One of my favourite things is listening to other people telling stories, and telling a few of my own. This blog is a good place for that, but an even better setting is sitting around an old-fashioned campfire.
We often end evenings on Necker by sitting around on the beach swapping tales around the fire. So we decided to commission a wonderful local artist named Aragorn Dick-Read to create this beautiful new fireball for us to gather around.
If you look closely you can see images of: yours truly discovering Necker, Sam climbing a coconut tree whilst Joan helps, Holly feeding the lemurs, as well as some iconic Virgin images and depictions of the wonderful people who have visited the island over the years. There’s also plenty of the local wildlife, from our fabulous flamingos to our loveable lemurs, stout iguanas to giant tortoises.
Telling a story is one of the best ways we have of coming up with new ideas, and also of learning about each other and our world. It’s been happening since humans first inhabited the earth.
A study by University of Utah anthropologist Polly Wiessner suggested that by extending the day longer into the night by sitting around a campfire, the culture of ancient people changed. Polly studied the Ju/’hoan people of Namibia and Botswana and discovered that their evening conversations differed enormously from their daytime discussions.

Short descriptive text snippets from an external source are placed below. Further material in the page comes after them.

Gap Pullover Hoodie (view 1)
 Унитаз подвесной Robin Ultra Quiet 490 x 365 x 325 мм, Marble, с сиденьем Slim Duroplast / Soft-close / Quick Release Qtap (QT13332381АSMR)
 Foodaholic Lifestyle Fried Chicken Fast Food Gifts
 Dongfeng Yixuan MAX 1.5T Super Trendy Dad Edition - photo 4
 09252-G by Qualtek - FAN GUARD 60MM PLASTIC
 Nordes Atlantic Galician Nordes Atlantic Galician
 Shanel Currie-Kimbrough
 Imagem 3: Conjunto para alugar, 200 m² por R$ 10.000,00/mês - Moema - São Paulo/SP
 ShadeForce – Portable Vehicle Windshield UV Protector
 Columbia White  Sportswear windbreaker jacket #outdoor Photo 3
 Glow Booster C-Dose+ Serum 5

In the day, the majority of talk focused upon economics, quarrels and property. By night – when they sat around campfires – 81% of their conversation was devoted to telling stories. As Science Magazine quoted Wiessner: “Stories told by firelight put listeners on the same emotional wavelength,” and “elicited understanding, trust, and sympathy.”
The same thing happens today, 400,000 years later. Whether somebody picks up a guitar to sing a song, or lowers their voice to whisper a chilling ghost story, or raises a smile with a comic misadventure, we all love sharing our experiences. Just add fire.
Do you have a favourite fireside story? I’d love to hear it.